Task to complete
When the line containing "Эко кожа бежевая" appears in the entries below, begin printing there and stop after the line containing "thumbnail image 1"; print each of those lines exactly and no other line.

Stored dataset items
--- START ---
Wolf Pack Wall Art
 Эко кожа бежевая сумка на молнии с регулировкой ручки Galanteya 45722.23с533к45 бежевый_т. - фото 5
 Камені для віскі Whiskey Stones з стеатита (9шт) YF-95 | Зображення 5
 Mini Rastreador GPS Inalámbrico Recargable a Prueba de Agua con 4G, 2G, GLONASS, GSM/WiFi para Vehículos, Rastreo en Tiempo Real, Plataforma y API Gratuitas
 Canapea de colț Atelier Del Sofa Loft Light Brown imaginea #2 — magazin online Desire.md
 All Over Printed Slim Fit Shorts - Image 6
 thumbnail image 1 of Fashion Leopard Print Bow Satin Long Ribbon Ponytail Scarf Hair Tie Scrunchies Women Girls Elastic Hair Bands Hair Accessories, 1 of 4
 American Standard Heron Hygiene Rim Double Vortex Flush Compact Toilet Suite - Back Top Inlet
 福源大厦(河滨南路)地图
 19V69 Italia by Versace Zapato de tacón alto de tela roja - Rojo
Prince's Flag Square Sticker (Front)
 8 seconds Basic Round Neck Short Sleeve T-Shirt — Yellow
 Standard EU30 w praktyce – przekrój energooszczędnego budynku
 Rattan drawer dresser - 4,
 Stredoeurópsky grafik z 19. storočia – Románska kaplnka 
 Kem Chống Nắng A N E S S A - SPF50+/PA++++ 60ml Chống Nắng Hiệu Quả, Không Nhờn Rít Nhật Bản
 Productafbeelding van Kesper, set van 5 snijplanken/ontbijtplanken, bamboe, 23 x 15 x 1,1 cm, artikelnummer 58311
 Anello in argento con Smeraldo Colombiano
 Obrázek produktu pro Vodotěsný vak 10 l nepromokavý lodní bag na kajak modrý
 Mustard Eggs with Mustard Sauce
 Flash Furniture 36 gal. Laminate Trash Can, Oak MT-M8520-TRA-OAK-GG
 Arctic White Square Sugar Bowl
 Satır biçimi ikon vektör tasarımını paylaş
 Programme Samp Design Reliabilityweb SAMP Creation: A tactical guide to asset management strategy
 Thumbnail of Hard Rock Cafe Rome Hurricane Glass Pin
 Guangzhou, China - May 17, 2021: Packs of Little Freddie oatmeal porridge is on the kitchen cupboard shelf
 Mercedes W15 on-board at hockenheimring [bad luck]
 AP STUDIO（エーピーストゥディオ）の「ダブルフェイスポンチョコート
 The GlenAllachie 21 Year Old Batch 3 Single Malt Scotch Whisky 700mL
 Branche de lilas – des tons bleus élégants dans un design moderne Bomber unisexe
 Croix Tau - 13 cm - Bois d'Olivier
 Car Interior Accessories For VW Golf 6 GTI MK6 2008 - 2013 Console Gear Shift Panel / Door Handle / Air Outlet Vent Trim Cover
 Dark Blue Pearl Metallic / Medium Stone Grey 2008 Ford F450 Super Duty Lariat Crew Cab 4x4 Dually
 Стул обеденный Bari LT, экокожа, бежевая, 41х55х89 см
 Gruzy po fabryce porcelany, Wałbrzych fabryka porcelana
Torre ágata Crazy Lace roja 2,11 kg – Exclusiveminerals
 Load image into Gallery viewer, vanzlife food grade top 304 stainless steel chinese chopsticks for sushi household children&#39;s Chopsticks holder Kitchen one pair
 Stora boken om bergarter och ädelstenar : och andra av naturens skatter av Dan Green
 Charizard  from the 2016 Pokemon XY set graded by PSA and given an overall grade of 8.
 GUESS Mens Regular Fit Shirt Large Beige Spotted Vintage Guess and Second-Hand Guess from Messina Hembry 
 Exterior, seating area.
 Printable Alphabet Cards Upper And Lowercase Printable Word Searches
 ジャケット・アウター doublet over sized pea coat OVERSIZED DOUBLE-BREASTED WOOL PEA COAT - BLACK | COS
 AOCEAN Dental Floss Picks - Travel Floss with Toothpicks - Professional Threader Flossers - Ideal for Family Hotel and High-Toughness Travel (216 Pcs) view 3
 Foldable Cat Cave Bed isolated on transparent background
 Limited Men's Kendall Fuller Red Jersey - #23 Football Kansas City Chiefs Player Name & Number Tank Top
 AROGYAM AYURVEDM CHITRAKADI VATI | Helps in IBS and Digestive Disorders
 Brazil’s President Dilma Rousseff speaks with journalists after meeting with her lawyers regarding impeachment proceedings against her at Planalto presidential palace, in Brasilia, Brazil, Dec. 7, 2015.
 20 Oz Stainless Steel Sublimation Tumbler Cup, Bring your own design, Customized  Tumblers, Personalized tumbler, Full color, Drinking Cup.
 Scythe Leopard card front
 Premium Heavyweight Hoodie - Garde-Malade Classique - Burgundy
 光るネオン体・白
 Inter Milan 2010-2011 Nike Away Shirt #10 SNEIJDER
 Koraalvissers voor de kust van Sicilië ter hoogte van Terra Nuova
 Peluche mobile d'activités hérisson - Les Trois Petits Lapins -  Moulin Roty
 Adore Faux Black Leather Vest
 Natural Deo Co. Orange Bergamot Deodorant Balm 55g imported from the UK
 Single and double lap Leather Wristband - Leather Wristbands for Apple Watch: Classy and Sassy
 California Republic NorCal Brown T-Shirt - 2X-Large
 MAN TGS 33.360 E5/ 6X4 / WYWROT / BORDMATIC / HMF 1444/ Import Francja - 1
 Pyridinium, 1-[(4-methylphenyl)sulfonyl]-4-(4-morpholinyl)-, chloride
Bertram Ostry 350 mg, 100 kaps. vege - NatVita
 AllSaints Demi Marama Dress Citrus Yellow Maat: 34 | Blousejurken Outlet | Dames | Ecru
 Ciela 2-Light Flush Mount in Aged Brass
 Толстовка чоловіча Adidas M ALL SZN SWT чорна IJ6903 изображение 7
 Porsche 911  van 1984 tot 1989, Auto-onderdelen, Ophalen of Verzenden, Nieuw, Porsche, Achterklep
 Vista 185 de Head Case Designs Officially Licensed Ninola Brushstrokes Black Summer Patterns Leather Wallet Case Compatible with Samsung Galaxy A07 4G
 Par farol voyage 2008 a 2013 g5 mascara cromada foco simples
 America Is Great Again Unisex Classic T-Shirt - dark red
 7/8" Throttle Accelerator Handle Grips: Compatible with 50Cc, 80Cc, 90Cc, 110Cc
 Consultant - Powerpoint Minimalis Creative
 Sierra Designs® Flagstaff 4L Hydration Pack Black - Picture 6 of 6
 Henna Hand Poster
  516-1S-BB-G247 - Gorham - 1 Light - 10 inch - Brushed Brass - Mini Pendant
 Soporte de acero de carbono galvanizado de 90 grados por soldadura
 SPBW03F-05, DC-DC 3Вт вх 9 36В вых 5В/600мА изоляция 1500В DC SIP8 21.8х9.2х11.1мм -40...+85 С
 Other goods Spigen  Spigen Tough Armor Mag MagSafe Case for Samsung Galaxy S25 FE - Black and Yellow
--- END ---
Response to the task
 Эко кожа бежевая сумка на молнии с регулировкой ручки Galanteya 45722.23с533к45 бежевый_т. - фото 5
 Камені для віскі Whiskey Stones з стеатита (9шт) YF-95 | Зображення 5
 Mini Rastreador GPS Inalámbrico Recargable a Prueba de Agua con 4G, 2G, GLONASS, GSM/WiFi para Vehículos, Rastreo en Tiempo Real, Plataforma y API Gratuitas
 Canapea de colț Atelier Del Sofa Loft Light Brown imaginea #2 — magazin online Desire.md
 All Over Printed Slim Fit Shorts - Image 6
 thumbnail image 1 of Fashion Leopard Print Bow Satin Long Ribbon Ponytail Scarf Hair Tie Scrunchies Women Girls Elastic Hair Bands Hair Accessories, 1 of 4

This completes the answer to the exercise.